[Captioned web images]

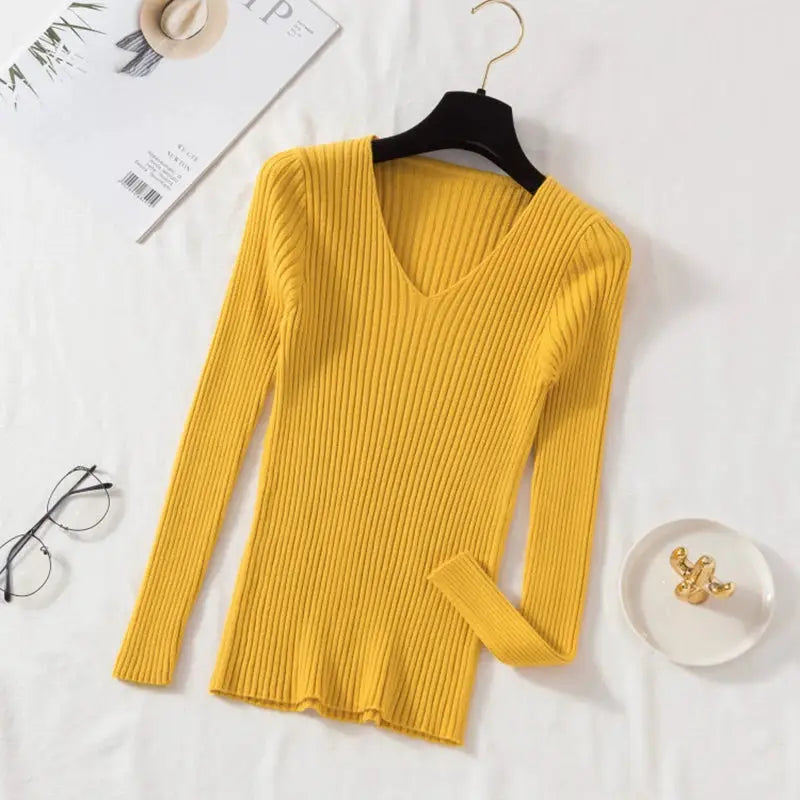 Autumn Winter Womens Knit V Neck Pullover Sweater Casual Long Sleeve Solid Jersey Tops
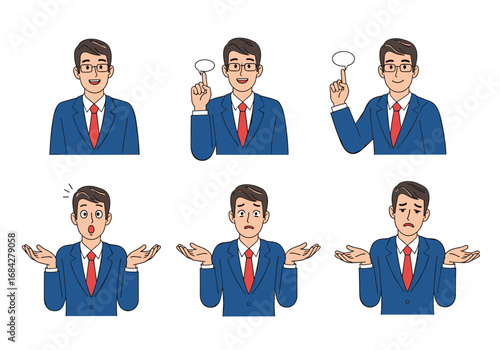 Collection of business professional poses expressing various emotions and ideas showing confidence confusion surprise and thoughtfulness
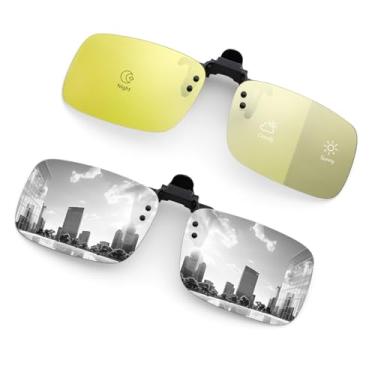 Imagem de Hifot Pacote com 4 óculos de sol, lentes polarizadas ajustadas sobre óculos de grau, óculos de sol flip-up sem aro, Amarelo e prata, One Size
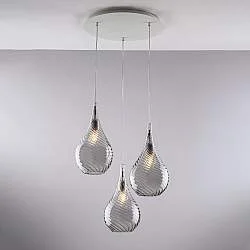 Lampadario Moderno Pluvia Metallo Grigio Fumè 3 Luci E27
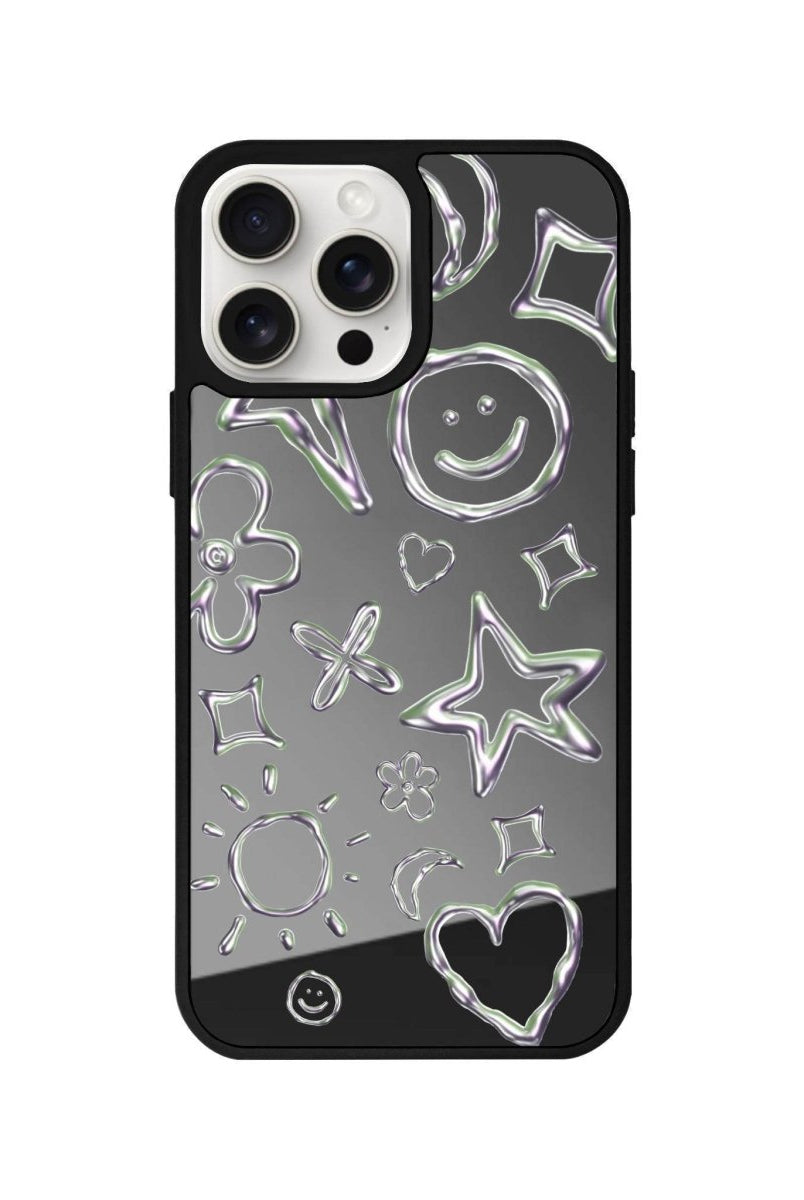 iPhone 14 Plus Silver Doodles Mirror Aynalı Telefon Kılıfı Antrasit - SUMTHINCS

### [Try it]
Quote the entries above word for word. Leave the images out.

### [Solution to this exercise]
 Autumn Winter Womens Knit V Neck Pullover Sweater Casual Long Sleeve Solid Jersey Tops
 Collection of business professional poses expressing various emotions and ideas showing confidence confusion surprise and thoughtfulness
 Imagem de Hifot Pacote com 4 óculos de sol, lentes polarizadas ajustadas sobre óculos de grau, óculos de sol flip-up sem aro, Amarelo e prata, One Size
 Lampadario Moderno Pluvia Metallo Grigio Fumè 3 Luci E27
 iPhone 14 Plus Silver Doodles Mirror Aynalı Telefon Kılıfı Antrasit - SUMTHINCS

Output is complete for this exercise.